Poems written about the 19th Century nationalist uprising against the Russian Empire have been declared ‘extremist’ in what is being seen as an expanding crackdown on opposition, including anti-Russian sentiment, in Belarus.
According to the BBC, experts described the banning of the poems as part of a transition to totalitarianism, as many opponents of the regime are nationalists who dislike authoritarian Belarus leader Alexander Lukashenko’s pro-Russian stance.

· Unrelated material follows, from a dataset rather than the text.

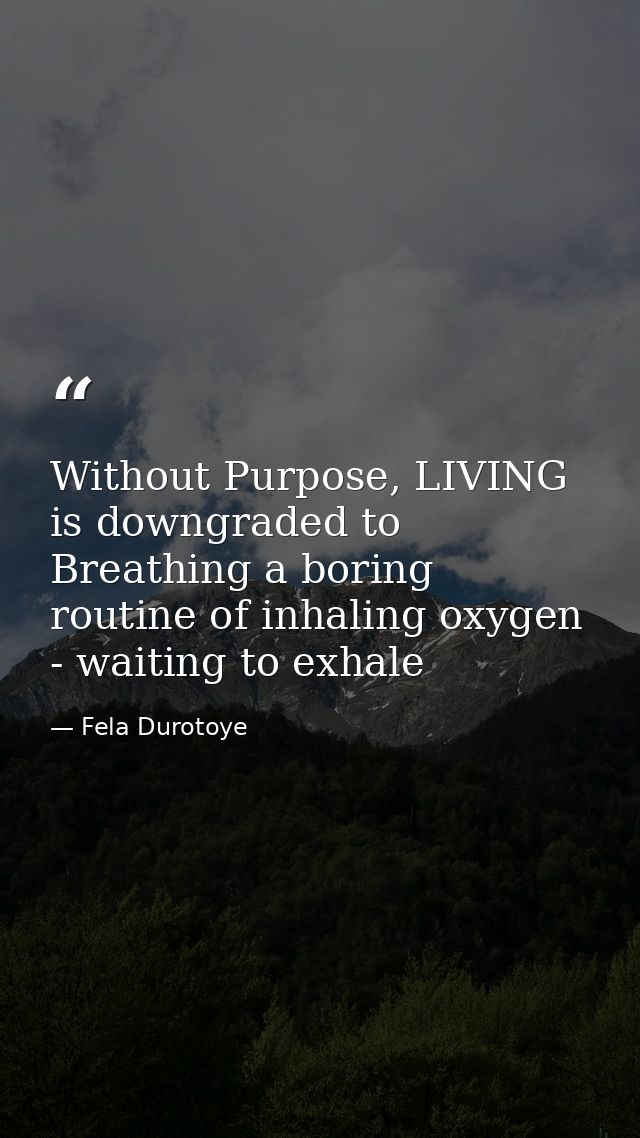 Without Purpose, LIVING is downgraded to Breathing a boring routine of inhaling oxygen - waiting to exhale — Fela Durotoye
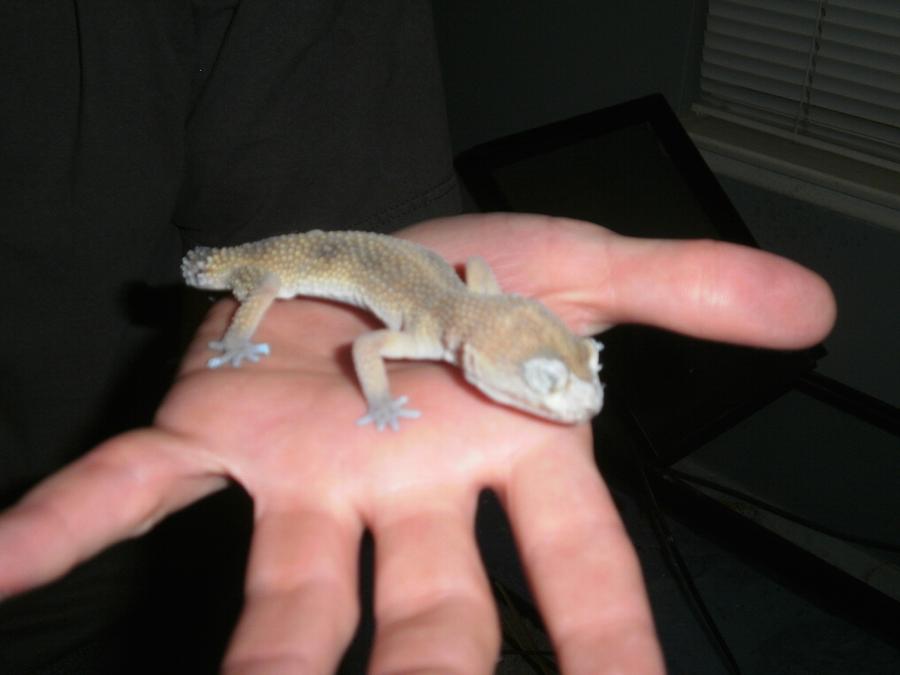 poor_leopard_gecko_by_fuzzybuttbunny-d4h49rq.jpg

The prosecutor’s office in the capital Minsk announced on Thursday said that the two poems by Vintsent Dunin-Marcinkievič, The Winds are Floating and Conversation of an Elderly Man, along with a foreword to the author’s collected works by literary critic Yazep Yanushkevich, had been declared ‘extremist material’.
The independent outlet, Nexta, said that books by several 20th Century authors – Larisa Geniyush, Vladimir Neklyayev, Lidiya Arobey, and Natalya Arseneva – had also been banned.
The BBC reports that the poems by Dunin-Marcinkievič were written during the Kastus Kalinowski rebellion of 1863 by Belarusians and Poles in what was then Poland and a part of the Russian Empire.
At the time, Dunin-Marcinkievič was accused of disseminating ideas ‘harmful for the authorities’. However, though he was arrested and incarcerated, his direct participation in the uprising was never proven.
Today his works are part of the school curriculum and his plays are performed regularly. He has several streets named after him and he is celebrated in his hometown of Bobruisk, in the south-east of Belarus.